The opening of the bridge was somewhat played down as the impending showcase 'Iron Bridge' further upstream was already being trumpeted as a technical masterpiece. The wooden bridge did not survive long unfortunately, as the central pier was severely damaged by flooding in a storm in 1795
A account of the flood from 1822 reads thus:
"Lastly came the impact of the great flood of February 1795 in the West Midlands. The height of the 1795 flood is still recorded by a marker at Dale End, Coalbrookdale, which together with some of the evidence from the contemporary press, testifies to its frightening, almost Biblical scale. At Shrewsbury the quays and neighbouring timber yards and warehouses were swept clear of all that was in them, and many graves in the Abbey churchyard fell in. Shrewsbury was almost completely cut off, no coaches could reach the town ... In the Severn Gorge water flowed three-feet deep in the rooms of the Swan, White Hart and Meadow Inns ... The canal and river at Coalport were united ... rising water reached [the Madeley Wood furnace ultimately to lie several inches deep in the hearth. Two houses by the Iron Bridge were washed away, and the counting house used by the coal factors at the canal/river interchange at Coalport sailed away down the river. The flood was probably the worst in historical times on the Severn. "

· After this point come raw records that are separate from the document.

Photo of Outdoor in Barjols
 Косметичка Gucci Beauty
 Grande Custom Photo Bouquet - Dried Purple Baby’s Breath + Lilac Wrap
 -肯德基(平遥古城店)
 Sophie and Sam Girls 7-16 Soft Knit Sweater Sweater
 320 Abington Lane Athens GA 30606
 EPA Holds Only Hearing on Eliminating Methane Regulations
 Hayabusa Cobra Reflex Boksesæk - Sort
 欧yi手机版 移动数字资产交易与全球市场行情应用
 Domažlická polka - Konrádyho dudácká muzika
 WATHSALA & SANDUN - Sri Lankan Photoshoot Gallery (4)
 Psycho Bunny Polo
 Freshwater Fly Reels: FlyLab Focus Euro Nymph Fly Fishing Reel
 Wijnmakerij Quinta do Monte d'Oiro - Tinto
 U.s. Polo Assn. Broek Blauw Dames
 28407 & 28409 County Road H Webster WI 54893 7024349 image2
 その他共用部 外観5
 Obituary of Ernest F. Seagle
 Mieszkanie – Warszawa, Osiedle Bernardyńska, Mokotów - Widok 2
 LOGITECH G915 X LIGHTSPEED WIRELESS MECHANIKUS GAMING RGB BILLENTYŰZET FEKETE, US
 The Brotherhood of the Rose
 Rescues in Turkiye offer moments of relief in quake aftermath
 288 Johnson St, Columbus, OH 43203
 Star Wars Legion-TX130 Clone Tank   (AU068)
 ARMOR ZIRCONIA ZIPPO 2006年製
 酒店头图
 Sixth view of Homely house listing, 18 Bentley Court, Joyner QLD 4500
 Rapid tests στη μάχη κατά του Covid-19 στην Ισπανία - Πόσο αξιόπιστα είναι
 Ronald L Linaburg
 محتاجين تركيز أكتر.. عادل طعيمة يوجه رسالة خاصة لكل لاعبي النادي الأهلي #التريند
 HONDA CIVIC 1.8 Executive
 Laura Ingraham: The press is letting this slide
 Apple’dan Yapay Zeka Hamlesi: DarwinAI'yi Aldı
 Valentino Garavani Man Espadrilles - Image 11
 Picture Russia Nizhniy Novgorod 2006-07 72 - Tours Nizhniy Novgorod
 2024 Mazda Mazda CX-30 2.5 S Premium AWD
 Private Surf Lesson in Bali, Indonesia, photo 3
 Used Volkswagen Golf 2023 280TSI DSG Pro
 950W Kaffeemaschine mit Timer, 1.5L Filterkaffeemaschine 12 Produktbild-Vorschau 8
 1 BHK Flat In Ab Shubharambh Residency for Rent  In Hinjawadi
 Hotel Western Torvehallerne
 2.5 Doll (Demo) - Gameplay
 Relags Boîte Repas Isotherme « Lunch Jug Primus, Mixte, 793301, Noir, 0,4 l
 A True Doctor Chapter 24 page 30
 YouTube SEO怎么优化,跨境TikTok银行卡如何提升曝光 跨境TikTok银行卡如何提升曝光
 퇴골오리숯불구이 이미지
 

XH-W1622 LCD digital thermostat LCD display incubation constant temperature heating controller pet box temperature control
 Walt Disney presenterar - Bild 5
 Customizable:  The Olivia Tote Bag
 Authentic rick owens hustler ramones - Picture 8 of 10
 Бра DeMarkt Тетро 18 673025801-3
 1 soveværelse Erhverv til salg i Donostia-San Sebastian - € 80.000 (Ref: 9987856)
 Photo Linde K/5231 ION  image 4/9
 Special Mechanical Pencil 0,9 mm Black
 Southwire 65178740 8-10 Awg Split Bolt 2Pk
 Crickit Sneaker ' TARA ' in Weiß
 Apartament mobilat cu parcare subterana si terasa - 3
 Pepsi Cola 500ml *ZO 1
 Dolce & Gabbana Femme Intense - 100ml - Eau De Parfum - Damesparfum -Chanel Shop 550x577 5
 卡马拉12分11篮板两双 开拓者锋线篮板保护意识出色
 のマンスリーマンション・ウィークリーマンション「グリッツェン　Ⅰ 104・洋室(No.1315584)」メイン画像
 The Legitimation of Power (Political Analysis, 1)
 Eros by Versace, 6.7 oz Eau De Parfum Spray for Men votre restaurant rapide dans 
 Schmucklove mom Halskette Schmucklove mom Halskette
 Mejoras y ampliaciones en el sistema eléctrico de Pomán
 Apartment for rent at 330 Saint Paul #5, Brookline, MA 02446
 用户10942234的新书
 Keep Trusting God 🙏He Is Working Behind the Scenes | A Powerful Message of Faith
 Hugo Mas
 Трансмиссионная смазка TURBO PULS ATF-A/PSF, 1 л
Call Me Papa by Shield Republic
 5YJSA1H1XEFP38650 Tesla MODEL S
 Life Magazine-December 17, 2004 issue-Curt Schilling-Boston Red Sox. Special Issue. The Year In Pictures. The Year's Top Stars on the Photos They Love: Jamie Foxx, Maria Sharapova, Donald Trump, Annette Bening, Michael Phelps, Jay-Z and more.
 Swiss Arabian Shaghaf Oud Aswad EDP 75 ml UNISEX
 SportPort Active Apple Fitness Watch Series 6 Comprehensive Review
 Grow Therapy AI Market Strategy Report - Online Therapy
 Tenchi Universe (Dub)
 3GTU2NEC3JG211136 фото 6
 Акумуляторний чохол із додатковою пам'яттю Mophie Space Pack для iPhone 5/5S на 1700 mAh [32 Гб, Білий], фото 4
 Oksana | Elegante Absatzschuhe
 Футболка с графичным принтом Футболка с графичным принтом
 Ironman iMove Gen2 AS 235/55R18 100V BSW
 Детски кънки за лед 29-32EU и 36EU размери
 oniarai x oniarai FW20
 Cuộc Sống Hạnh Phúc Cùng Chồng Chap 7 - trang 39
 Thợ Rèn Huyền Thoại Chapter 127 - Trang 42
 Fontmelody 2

After the destruction of 1795, the bridge remained closed until the Trustees, of what was to become known as Coalport Bridge, had it rebuilt in 1799 as a hybrid of wood, brick and cast-iron parts, cast by John Onions. The two original spans were removed and replaced by a single span of three cast iron ribs, which sprang from the original outer sandstone pier bases. The bridge deck was further supported by two square brick piers, the northern one constructed directly on top of the stone pier base and the southern one set back slightly towards the river bank. The remainder of the superstructure was built of wood and may have reused some of the original beams. However by 1817, this bridge was failing again, attributed to the insufficient number of cast iron ribs proving inadequate for the volume of traffic. Consequently, the bridge proprietors decided to rebuild Coalport Bridge once again, but this time they chose to do so completely in iron.
The date of 1818 displayed on the bridge's midspan panel refers to this substantial work which allowed the bridge to stand without major repairs, for the next 187 years.
Some further strengthening work was carried out on the bridge in 2005 when it was closed for about one year to reconstruct the two brick arches supporting the verges at the south side of the bridge. Traffic control measures which previously limited traffic flow to single file were lifted and although weight is now limited to three tonnes, and a height restriction remains, the bridge is expected to continue to serve motor users in the gorge well into the 21st Century.
This is one of the oldest cast iron bridges still carrying traffic and is a scheduled ancient monument. Its five cast iron ribs span 103ft across the River Severn.
We have not been able to ascertain the actual date of the pub, but perhaps it is not unreasonable to suggest it was built between 1780 and 1795, when the original woodbridge was still in existence.